This sombre tableau is the subject of Evelyn Juers's enthralling book. Juers, who was born in Germany but now lives in Australia, has chosen to explore the themes of exile, suicide and the cultural catastrophe of Nazism through the lives of the Mann brothers.
Evelyn Juers' extraordinary book is a unique imagining of the unconventional love affair between the writer and political activist Heinrich Mann. Dresden, the European literary community went into a fever of restlessness. The ledge on which Juers has constructed House of Exile is a vertiginous twilight of pre-war Berlin, culminating in the book burning of 10 May Finally settled in Los Angeles, the German refugees began to fall out.
Thomas, author of The Magic Mountain and Nobel laureate, was protected from the worst of Hitler by his fame. Heinrich, his politically active senior, also a writer, had to flee Germany in with nothing but an umbrella and a suitcase of manuscripts.
The bleaching of European angst by the southern California sun has already inspired drama and biography. Christopher Hampton's Tales from Hollywood and John Russell Taylor's Strangers in Paradise were both animated by the odd juxtaposition of Hollywood frivolity and German intellectual gravitas. Juers makes her telling of these tales new and exciting by immersing herself in the letters and memoirs of her protagonists, reconstituting her research as a quasi-biographical fiction.

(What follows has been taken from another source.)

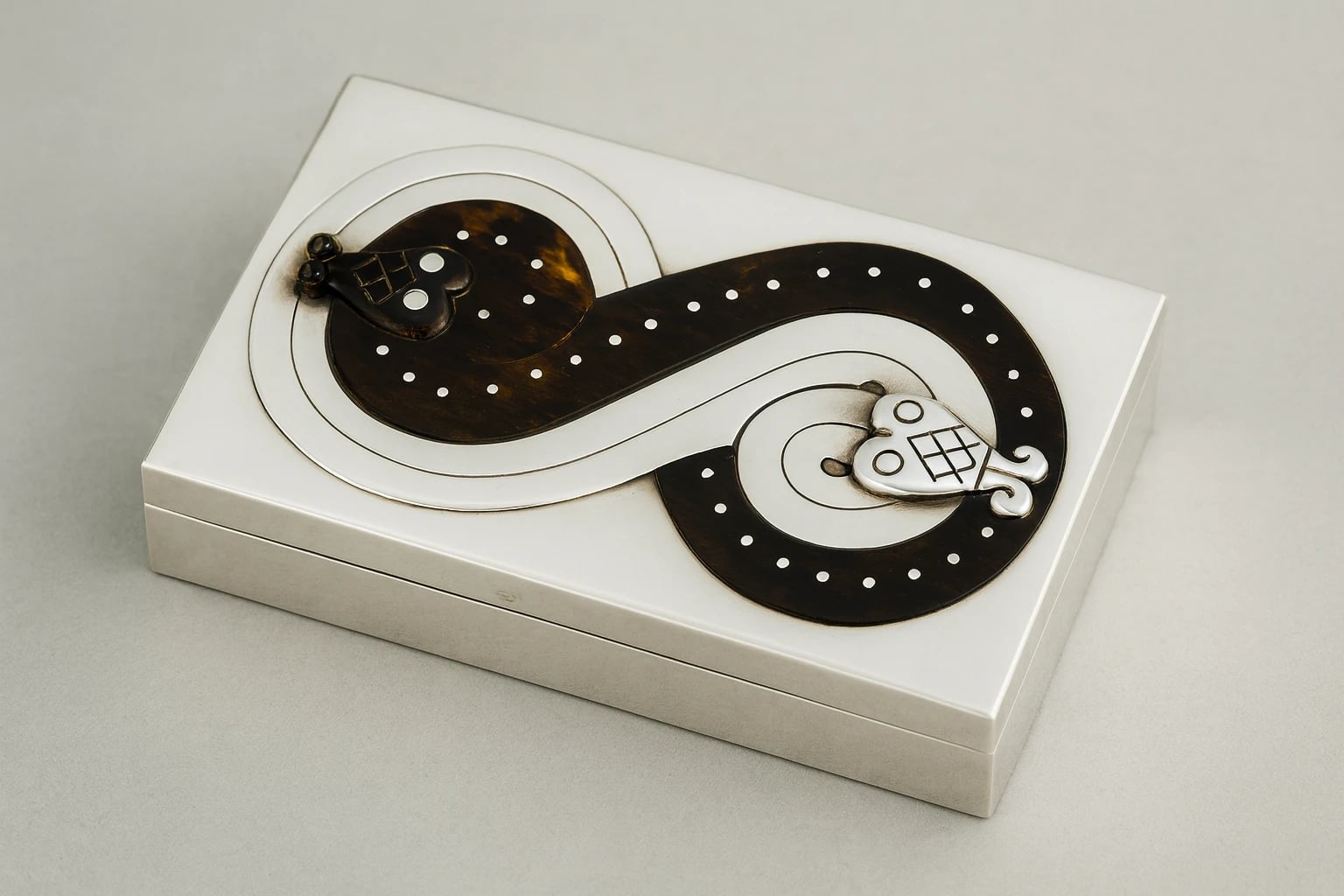William Spratling Double Serpent Box
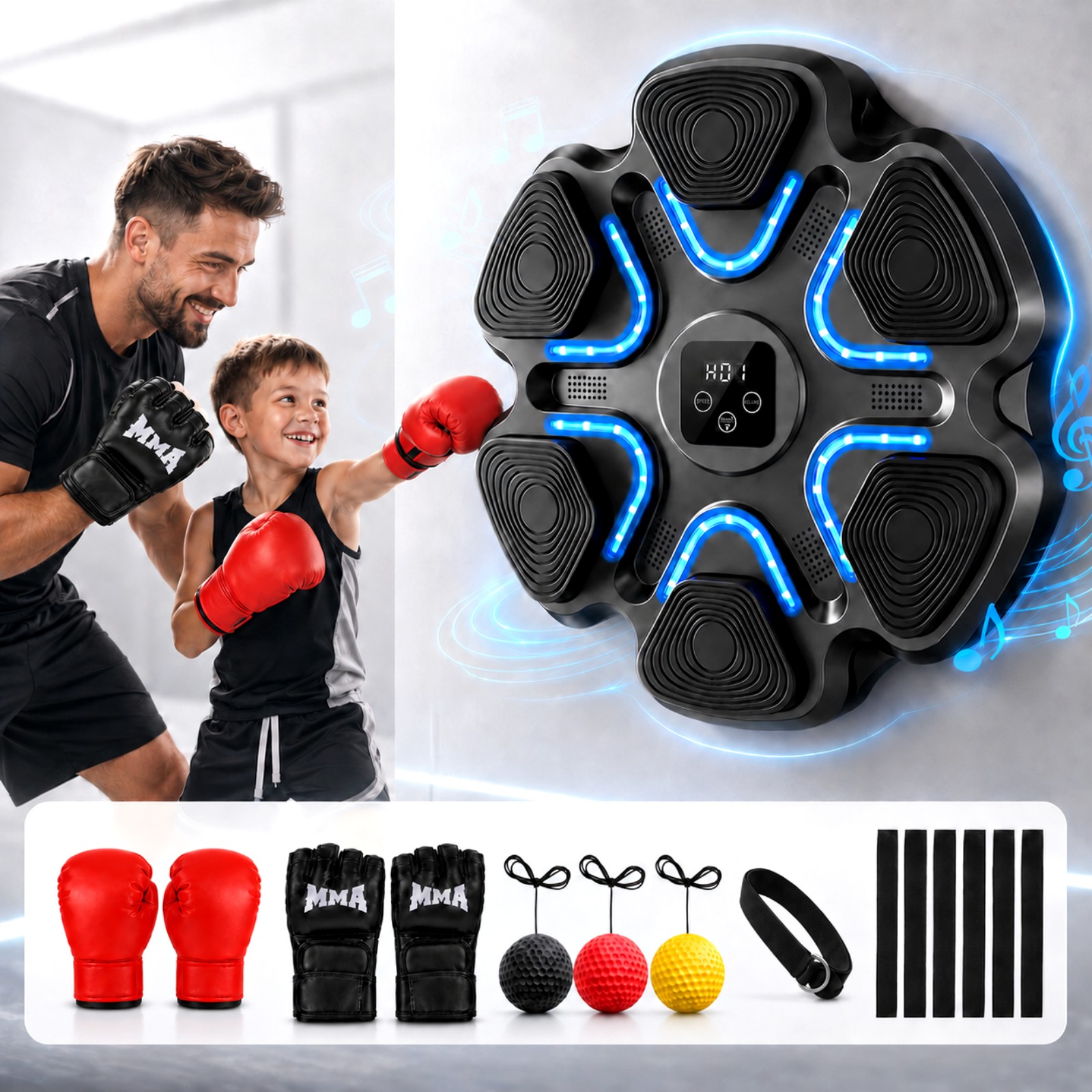 Music Boxing Machine Kids Adul – обзор и цена Smart Home Gym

This is a book that makes big demands for correspondingly sublime rewards. The ledge on which Juers has constructed House of Exile is a vertiginous place, without the safety rails of scholarly apparatus no index, for example but with a stunning, rather queasy-making, view. Juers describes what she has done as "a collective biography", though I suspect its secret ambition is rather more exalted. To the dissonant lives of the Mann brothers she has added the interwar wanderings of Leonard and Virginia Woolf, James and Nora Joyce, Aldous and Maria Huxley, plus a cast of peripatetic literati from Benjamin to Isherwood.
Biography books History books reviews. He enjoyed being told that he was famous. Perhaps the most profound message of House of Exile comes in the very first chapter. She has lived in Hamburg, Sydney, London, and Geneva. Other articles from this issue:
Some moments of exhilarating coincidence in these pages are reminiscent of Stoppard's Travesties. Whatever her method, which will not be to everyone's taste, Juers makes an important point about the exodus of European writers to foreign parts in flight from a real or imagined narrowing of horizons. Waugh, Graves, Maugham, Wodehouse, Coward: If he also had to teach himself English, pacing the deck of a transatlantic steamer with a copy of 1, Worte Englisch , repeating "Ai vont tuh rihd ohl dsihs pehpers maisself!
Collective biography, or meta-fiction, or shape-shifting tour de force, House of Exile begins and ends with the puzzling and strangely touching relationship of Heinrich Mann and Nelly Kroeger.
He was the meticulous bourgeois writer in his starched collar and bow tie; she the blowsy chatterbox, a former barmaid, 27 years his junior. Thomas and Katia Mann could not stand Nelly and plotted to break up the relationship. Heinrich himself seems to have struggled with his feelings of superiority. On the one occasion Nelly dared to challenge her lover with an account of her life and times, Heinrich declared the manuscript "extraordinary, almost a novel", tossed it into the fire and calmly set about rewriting it as his own, under the title Ein ernstes Leben A Serious Life.
In Berlin, once Hitler came to power, everyday existence was not just serious, it was terrifying. How does one live worlds apart from oneself?
To recreate the exiled generation of s Europe, and to tell their tale of loss, Juers has taken a novel approach. It is to her credit that reflecting this, she has nonetheless arrived at one of the most rounded, affecting portraits yet of Heinrich and Thomas Mann, their families, and friends. Juers technique is to use the tools of biographers and historians — letters, diaries, eyewitness accounts — to imagine events from the lives of her protagonists, adding an emotional veneer to the narration of facts. In a simple typographic twist, Juers uses italics within sentences to indicate genuine quotes from original sources.
Juers is thorough yet engaging, creating a brisk narrative abounding with information.
The Mann brothers differed in personality and politics: Thomas was aloof, respectable, an individualist pleased at his own success; Heinrich was more sensual, engaged with leftist politics in post-war Europe he was particularly lauded in the USSR and GDR. Yet their interdependence shines through as much as their frequent conflicts.
Throughout, Juers accumulates a supporting cast of artists, writers, and lovers. This was the bustle, the energy of life and a shared culture that America — for all its freedom — lacked.
The traditional image of Nelly is of a lewd girl, out of her social depth in the Mann household, a gaffe-prone drunkard. This image leans on the accounts of Thomas, who found Nelly "unbearable".
Juers is at pains to treat Nelly with respect. The style of House of Exile takes some acclimatisation. Switches from third-person fictional narration to biographical description, between omniscience and objectivity, are not seamless.